Mais pendant qu’elle se vantait de cette contribution somme toute normale pour un établissement de santé, elle avait préparé et informé fin mars tout le personnel qu’une demande de mise en activité partielle, prévue a minima jusqu’à la fin juin, serait envoyée à la Direccte pour obtenir les aides de l’Etat. La sous activité momentanée conséquence  du report de bon nombre d’interventions médicales et chirurgicales jugées moins urgentes était le prétexte invoqué pour cette demande. En pleine crise sanitaire, alors que tout le système de Santé est censé se mobiliser, la direction d’une clinique envisageait donc de mettre une partie de son personnel, soignants compris, au chômage partiel pour ne pas perdre d’argent. C’est d’autant plus choquant dans une clinique qui appartient au groupe Elsan avec pour actionnaire la richissime famille Bettencourt-Meyers.

Le mercredi 1er avril, la direction a communiqué au personnel que non seulement l’Etat refusait de financer du chômage partiel en cette période de crise mais que du personnel pouvait être envoyé pour renforcer les équipes de l’hôpital public, en précisant que cela serait sur la base du volontariat. Cependant, à défaut d’avoir pu obtenir les aides versées pour le financement du chômage partiel, les actionnaires vont recevoir de la caisse d’assurance maladie une compensation pour la baisse d’activité suite à des négociations à l’échelle nationale. L'argent de nos cotisations sociales va servir à garantir les dividendes des actionnaires !

Pendant que le personnel va au « front » contre l’épidémie, les actionnaires se remplissent les poches avec l’aide de l’Etat.
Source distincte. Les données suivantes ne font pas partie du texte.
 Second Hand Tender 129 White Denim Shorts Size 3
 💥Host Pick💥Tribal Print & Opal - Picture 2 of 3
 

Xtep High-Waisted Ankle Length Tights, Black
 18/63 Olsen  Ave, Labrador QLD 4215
NTN à Allonnes (72) :  Pas gênés !

Echo d'entreprise
09/04/2020

L’Usine NTN à Allonnes, près du Mans, produit des transmissions pour automobiles. Elle était à l’arrêt depuis le 23 mars ; un arrêt déjà bien tardif. La direction d’NTN pressée de faire reprendre le travail a décidé de relancer la production avec 82 « volontaires" à partir du 6 avril (on sait ce que vaut le volontariat avec toutes les pressions de la hiérarchie). Pour cela elle avait promis toutes les mesures sanitaires minimales, comme avoir des masques. Et en effet, elle a reçu 1400 masques récemment dont 1000 viennent même du Japon. Elle en attend encore 10 000 dans la semaine.
Alors que tous les soignants manquent de masques pour sauver des malades et se protéger, eux et leurs proches, eh bien NTN est fier d’avoir fait venir des masques de l’autre bout du monde pour produire des transmissions de bagnoles et faire suer des profits à ses salariés !
 

Allard - Compiègne (Oise) :  Le carton de première nécessité ?

Echo d'entreprise
09/04/2020

La direction de cette cartonnerie d’une centaine de salariés, continue de faire tourner l’usine en prétextant que les cartons sont produits pour l’industrie pharmaceutique ou l’emballage de produits comme le savon.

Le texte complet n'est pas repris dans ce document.